| Required work |
Leave the pictures in the listing below aside and reproduce exactly the lines starting with the one with "Hall - Charlotte Court" and going on through the one with "Stock image for", both ends included.

| Material for the task |

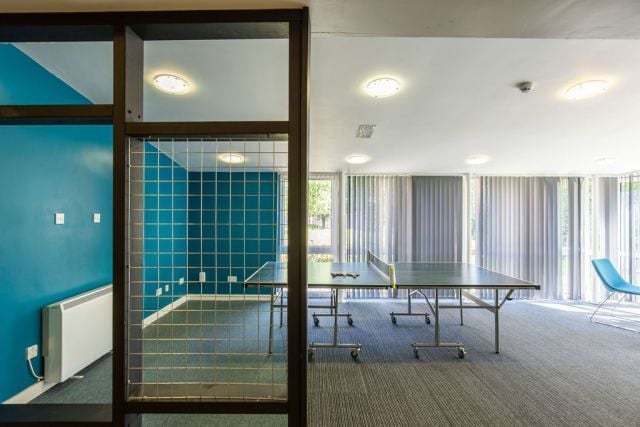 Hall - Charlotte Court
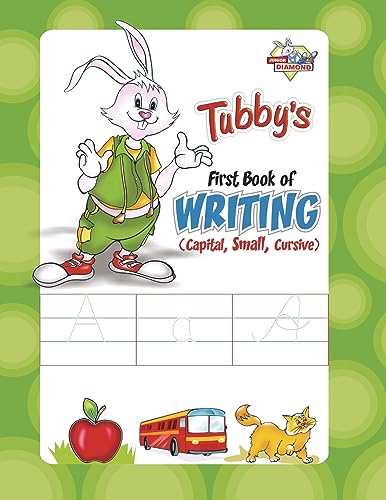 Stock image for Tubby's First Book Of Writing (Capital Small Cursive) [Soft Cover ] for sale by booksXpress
* * *
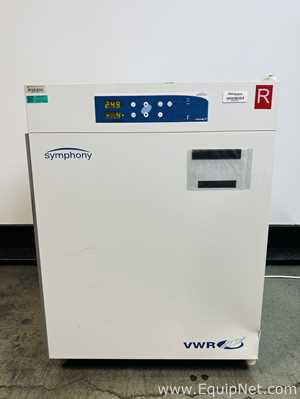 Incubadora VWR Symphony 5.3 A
--
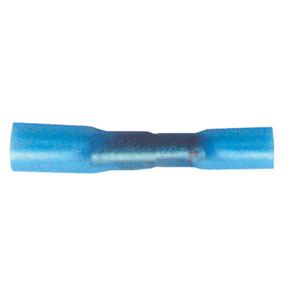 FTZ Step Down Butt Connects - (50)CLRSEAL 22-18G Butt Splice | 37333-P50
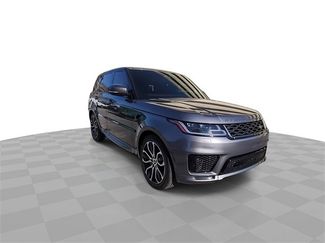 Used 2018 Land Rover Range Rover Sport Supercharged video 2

| Expected answer |
 Hall - Charlotte Court
 Stock image for Tubby's First Book Of Writing (Capital Small Cursive) [Soft Cover ] for sale by booksXpress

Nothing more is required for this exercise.